EXERCISE DETAILS: Wherever a picture appears in the listing, leave it out, and copy the rest exactly.

SOURCE MATERIAL:
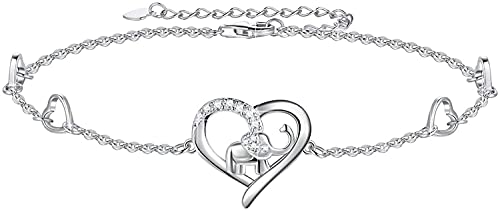 YZSFMZGE Herz Elefant Fußkettchen für Damen 925 Sterling Sterlingsilber Liebe Elefanten Fusskettchen Geschenk für Frauen Freundin Schmuck (Großes Armband) von YZSFMZGE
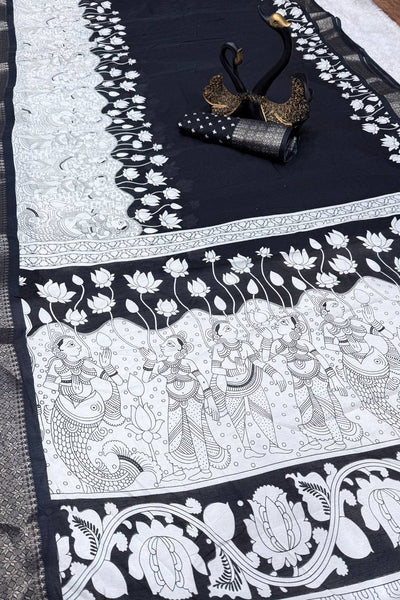 Ailurophile Black Digital Printed Dola Silk Saree With Demesne Blouse Piece
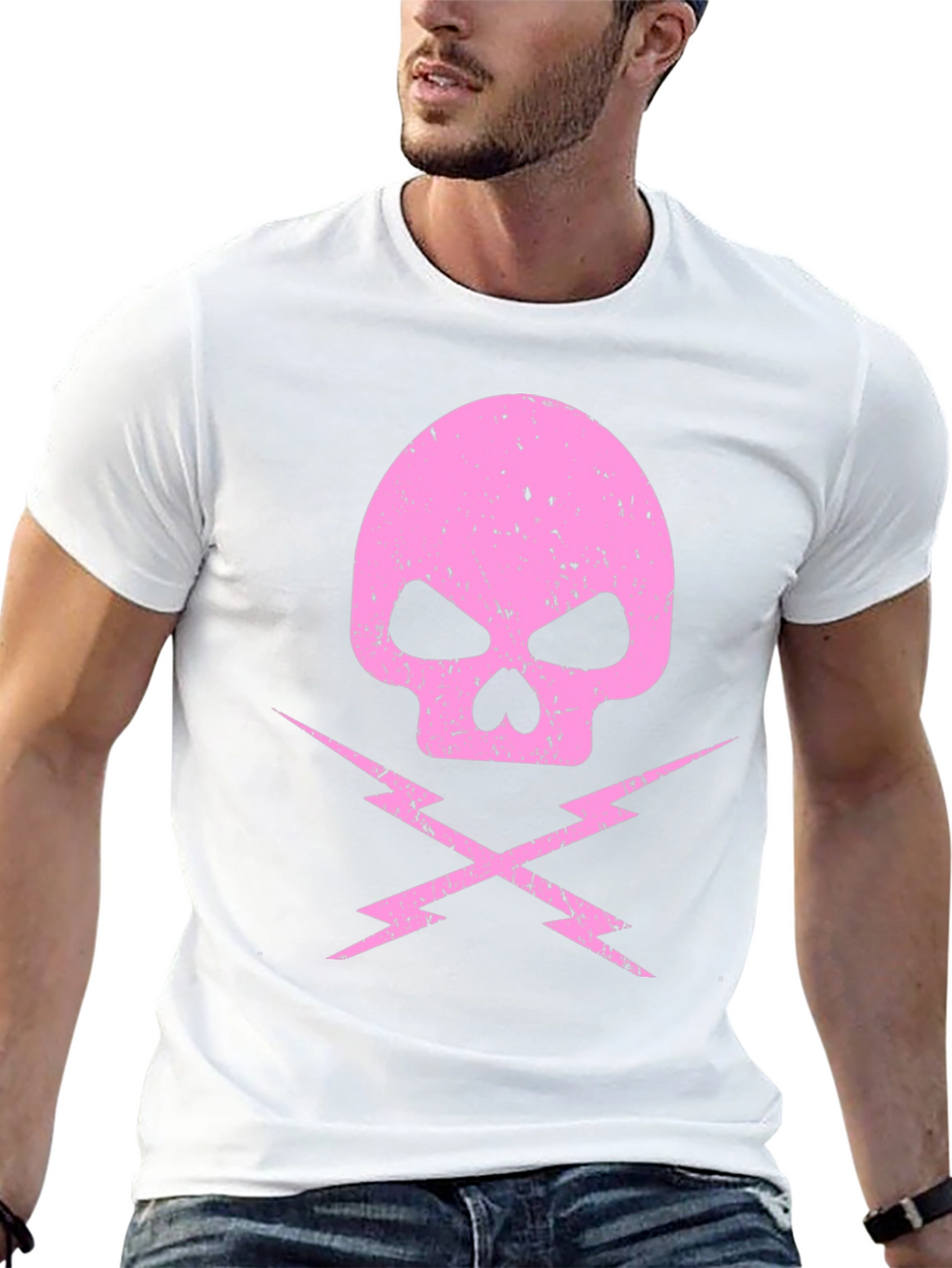 Pink Skull & Lightning Bolt Graphic Black T-Shirt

EXERCISE RESPONSE:
 YZSFMZGE Herz Elefant Fußkettchen für Damen 925 Sterling Sterlingsilber Liebe Elefanten Fusskettchen Geschenk für Frauen Freundin Schmuck (Großes Armband) von YZSFMZGE
 Ailurophile Black Digital Printed Dola Silk Saree With Demesne Blouse Piece
 Pink Skull & Lightning Bolt Graphic Black T-Shirt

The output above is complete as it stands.